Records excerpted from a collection
=== Begin Enclosure ===

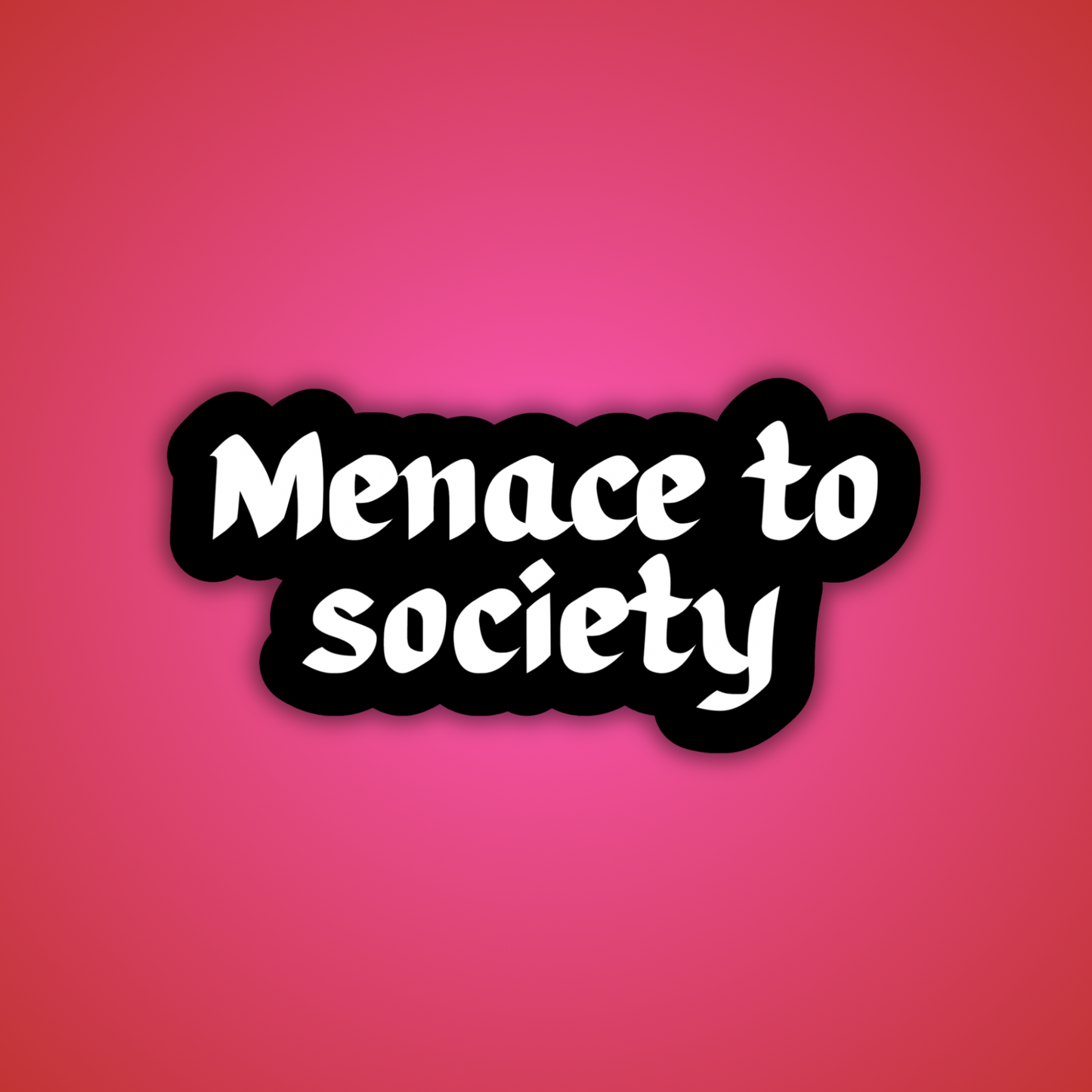 Menace to Society Sticker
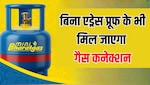 अब इन लोगों को बिना एड्रेस प्रूफ के भी मिल जाएगा गैस कनेक्शन, तुरंत घर ले जा सकेंगे सिलेंडर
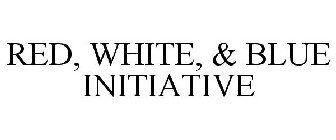 RED, WHITE, & BLUE INITIATIVE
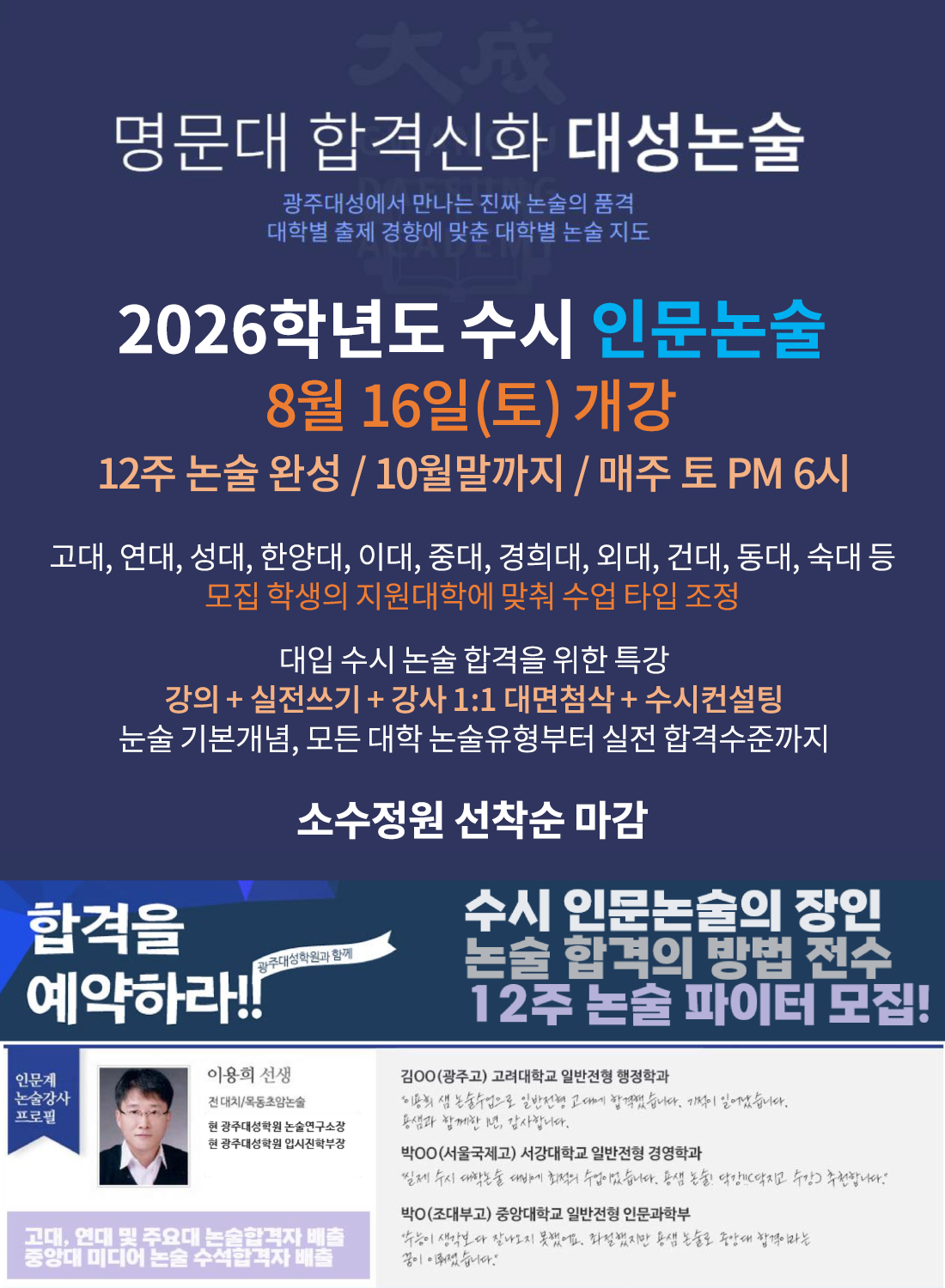 명문대 합격신화 대성눈술-광주새어에서 만나는 진짜 논술의 품격, 대학별 출제 경향에 맞춘 대학별 논술 지도 2026학년도 수시 인문노술 8월 16일(토) 기강 12주 논술완성/10월말까지 / 매주 토 PM6시
												  고대,연대,성대,한양대, 이대, 중대, 경희대, 회대, 건대, 동대, 숙대 등 모집 학생의 지원대학에 맞춰 수업 타입 조정 대입수시 논술 합격을 위한 특강 강의+실전쓰기+강사 1:1 대면첨삭 + 수시컨설팅 논술 기본개념, 모든 대학 논술유형부터 실전 합격수준까지 소수 정원 선착순 마감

=== End Enclosure ===

• **Work instruction**: Please print the lines from the one holding "अब इन लोगों" through the end of the records above, unchanged and with the pictures left out.

• **Output of the task**:
 अब इन लोगों को बिना एड्रेस प्रूफ के भी मिल जाएगा गैस कनेक्शन, तुरंत घर ले जा सकेंगे सिलेंडर
 RED, WHITE, & BLUE INITIATIVE
 명문대 합격신화 대성눈술-광주새어에서 만나는 진짜 논술의 품격, 대학별 출제 경향에 맞춘 대학별 논술 지도 2026학년도 수시 인문노술 8월 16일(토) 기강 12주 논술완성/10월말까지 / 매주 토 PM6시
												  고대,연대,성대,한양대, 이대, 중대, 경희대, 회대, 건대, 동대, 숙대 등 모집 학생의 지원대학에 맞춰 수업 타입 조정 대입수시 논술 합격을 위한 특강 강의+실전쓰기+강사 1:1 대면첨삭 + 수시컨설팅 논술 기본개념, 모든 대학 논술유형부터 실전 합격수준까지 소수 정원 선착순 마감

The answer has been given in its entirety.